The entire entertainment revenue model has changed dramatically in the last decade. Do people really think this massive shift is not going to impact sports? All these media contracts are predicated on a network broadcast model, not a streaming model. Those two things are radically different.
Broadcast was about finding the best matchup for the 3:30 pm slot on ABC or CBS, or the 7:30 slot on ESPN. Which teams would draw the most casual fans? A good place to start is with the teams that were traditionally good (Michigan, Ohio State, Georgia, Alabama, USC, Texas, Notre Dame, etc.). ESPN would pay up for those teams to lock in the big games, and because ESPN has the best channel real estate on the cable networks, they were able to box out the other networks. Once ESPN had a critical mass of content, then they effectively had a monopoly, and they could force every cable subscriber, whether they were a sports fan or not, to pay them. THAT was how ESPN became so powerful in sports broadcasting. Those days are over.
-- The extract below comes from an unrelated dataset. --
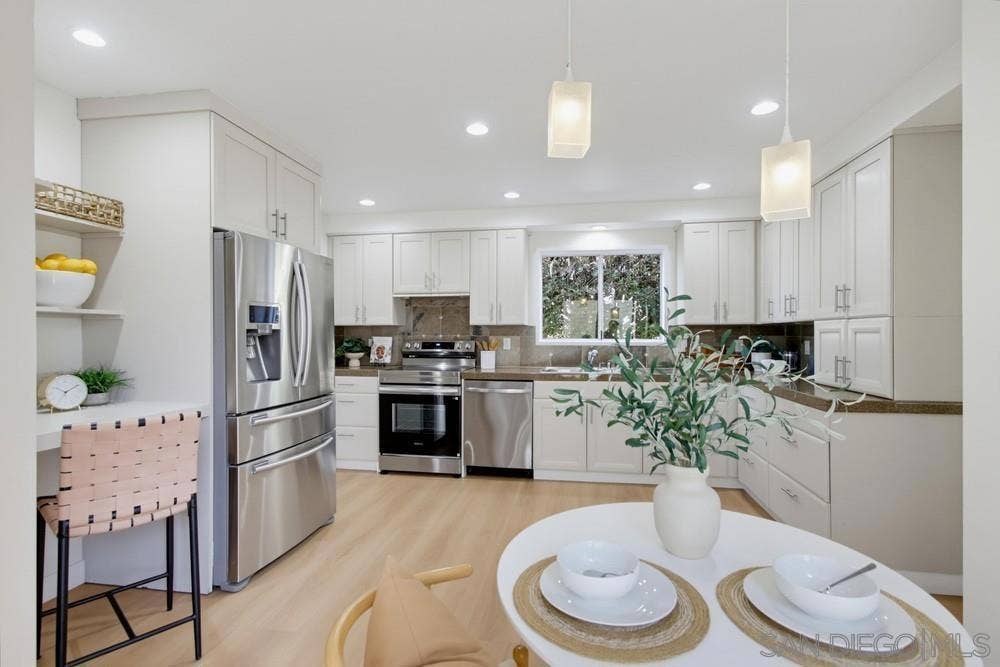 111 Delicias Ct, Solana Beach, CA 92075 111 Delicias Ct, Solana Beach, CA 92075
ESPN now has to draw subscribers directly to their service, and ESPN is no easier or more difficult to find than any other streaming service. And if I want to watch a Big East game or a MWC game or whatever, I can probably find it online just as easily as I can find an SEC game. This makes the Big East and MWC games more valuable, but also makes the SEC games less valuable. Fans do not need to accept what CBS or ESPN chooses to broadcast. They can watch exactly what they want, when they want. This should have the effect of balancing out a revenue gap that has always defied explanation. Why is a football game between Minnesota and Michigan State worth 40x a football game between Utah State and New Mexico? That revenue disparity exists because the Big 10 negotiates as a block and the MWC negotiates as a block, and because the Big 10 has more programs that can fill a prime slot, the Big 10 gets paid 40x what the MWC gets paid, even though the difference in viewers will probably not be 40x between every Big 10 program and every MWC program.
What does it mean for UConn? Let's see what the Pac 12 gets. It will probably be the first truly bridge contract to the streaming era of sports broadcasting.